The NIS2 supply chain security provisions require covered entities to assess the security practices of their ICT supply chain, including their cloud providers. The assessment right and the audit right that this requires are not universally present in hyperscaler contracts, and the hyperscaler’s response to supply chain security assessment requests varies significantly.
DORA for financial services requires ICT third-party risk management that includes the right to audit critical ICT third-party providers. The critical ICT third-party framework under DORA creates supervisory oversight of the largest hyperscalers as Critical ICT Third-Party Providers, which changes the nature of the relationship but does not eliminate the enterprise’s own risk management obligations.
The second reality is that geopolitical risk in technology supply chains has moved from a theoretical concern to a board-level risk assessment consideration. The dependence of European critical infrastructure on US-headquartered technology supply chains has been identified in government risk assessments as a concentration risk that deserves strategic attention.
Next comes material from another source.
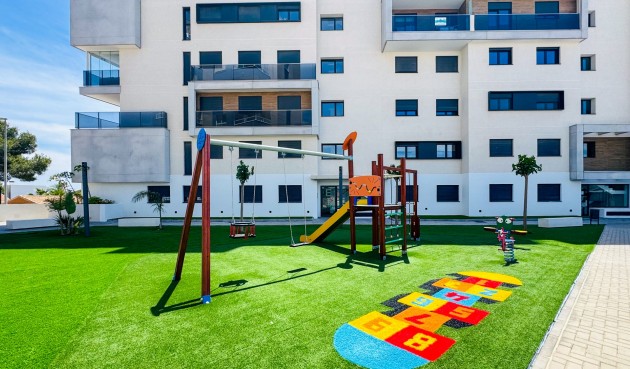 Brukt - Apartment -
Dehesa de Campoamor - Costa Blanca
The boards of European enterprises are asking the question their governments are raising: what is our continuity position if this supply chain is disrupted?
The honest answer, for most enterprises, is that the continuity position for hyperscaler-hosted infrastructure is not well-defined. The cloud-native applications built to run on a specific hyperscaler’s services cannot be rapidly migrated in a disruption scenario. The operational dependency is real and the mitigation plan is, in most cases, not credible.
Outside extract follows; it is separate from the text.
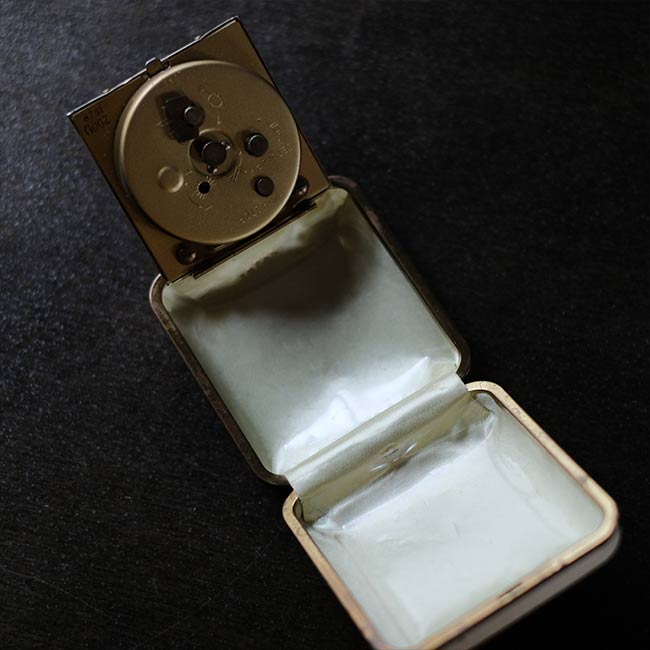 SEIKO 手巻き式のトラベルアラームクロック SEIKO 手巻き式のトラベルアラームクロック SEIKO セイコー 手巻き式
The third reality is that European cloud alternatives have reached a capability threshold that changes the architecture options available for sovereign deployments. OVHcloud, Deutsche Telekom’s Open Telekom Cloud, Hetzner, and a range of national and sector-specific cloud providers are providing infrastructure capabilities that were not available three to five years ago. The assessment of European alternatives that was done in 2020 or 2022 needs to be repeated against 2026 capability, and the conclusion will be different in meaningful ways.
The Architecture Decisions That Follow from These Realities
The architecture decision that data sovereignty as a cloud strategy determinant requires is a workload classification by sovereignty requirement, followed by infrastructure assignment that matches each workload to the infrastructure model that meets its sovereignty requirements.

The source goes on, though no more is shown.